Single Photon Generation from Quantum Dots: Recent Advances, Challenges and Future Directions

Abstract

Single photon source (SPS) is a device designed to emit photon one at a time, enabling precise control over quantum states, unlike classical light sources that produce interfering streams. This capability is crucial for secure communication protocols such as quantum key distribution and for quantum networks, where single photons act as carriers of quantum information. Recent advancements have led to various SPS technologies, including Quantum Dots (QDs), atom-like emitters, and color centers in diamonds. Among these, QDs, semiconductor nanocrystals, have gained significant attention due to their unique optical and electronic properties derived from quantum confinement effects. They offer size-dependent tuning of emission wavelengths, high photoluminescence efficiency, and discrete energy levels, making them ideal for single photon applications while exhibiting scalability and low background noise.
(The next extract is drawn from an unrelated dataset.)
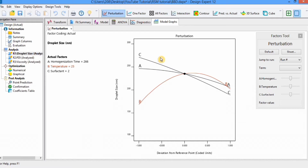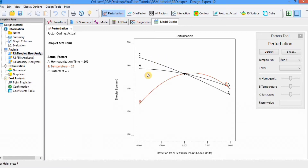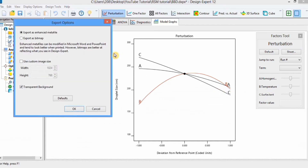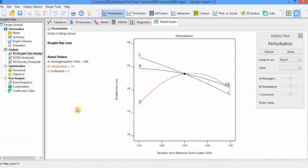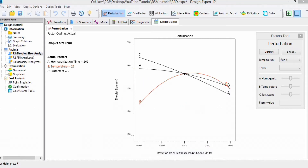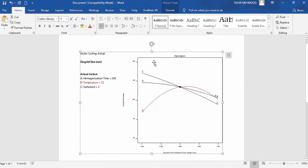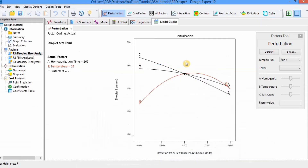If you want to export this graph to Word, simply right-click on the graph area, go to the export option, and select export graph to Word. Click on it, select export as enhanced meta file, and click OK. The graph will then be exported to Word. You can see the graph is exported and you can further edit it — crop it or use it as is. You can follow a similar procedure to export all graphs.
This review provides a comprehensive overview of recent advancements in quantum dot-based SPS operating at room temperatures, highlighting their optical properties, essential performance metrics, and the latest developments in single photon generation. It also discusses strategies to mitigate blinking and improve photon statistics through techniques such as plasmonic nanocavity and ligand exchange. The review concludes by outlining the challenges faced in the field and discussing potential solutions.